Press Trust of India New Delhi
"Better jail than rail" - the slogan coined by the then firebrand leader of the railwaymen's union, George Fernandes, had galvanised workers to one of the major railway strikes in Asia in 1974, following which Emergency was declared, recalled old timers.
Fernandes, credited with introducing the productivity-linked bonuses, bump in salaries for railway workers during his tenure as All India Railwaymen's Federation (AIRF) president from 1973 to 1976, used this slogan during meetings to enthuse workers into participating in the strike.
"He was a firebrand leader. In the meetings, one of its favourite slogans was 'better jail than rail' - indicating that the government spent much more on the convicts in jail than railwaymen which really enthused workers.

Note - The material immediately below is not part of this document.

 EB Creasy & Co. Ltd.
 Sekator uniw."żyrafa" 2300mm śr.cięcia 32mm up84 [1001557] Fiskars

During his tenure as union leader he pushed for higher salaries for us at par with PSUs, allowances and need based minimum wages," recalled Shiva Gopal Mishra, general secretary of AIRF, who knew Fernandes from his student union days.
"As a union leader, he would clearly issue orders regarding who could be on strike and who couldn't. He issued instructions that all those workers involved with essential services should not participate in the strike," Mishra said.
He added that when there was some heartburn over this decision, Fernandes had announced that those that were not part of the protests should ensure the well being of those that were.
"He made sure that those that sat out of the protests felt part of it. That was his charisma. There have been so many leaders who led us, but George was one of a kind," said Mishra.
Such was his status as a union leader, Fernandes was asked to get a permission slip made from the reception by the guard at Rail Bhavan when he came to join as Railway Minister, three days after he was appointed in 1989.
"George Fernandes was astounded that he had been allocated the Ministry of Railways. He said he had led the biggest railway strike in Asia and headed railway unions. How could he be sitting across them at the table now? For three days he refused to go to Rail Bhavan to attend office," his close aide Jaya Jaitly wrote in her book 'Life among the Scorpions', published in 2017.
Mishra remembers the day clearly.
"Most of us thought that it was great news and now all our demands will be met. We met him and pushed for our demands. But he always used to say that government will always be government! He said coffers were empty! However, eventually, he did come through not just for us, but for taxi unions, students unions, daily wagers - he was a fighter, over and above all the titles that he is remembered by," said Mishra.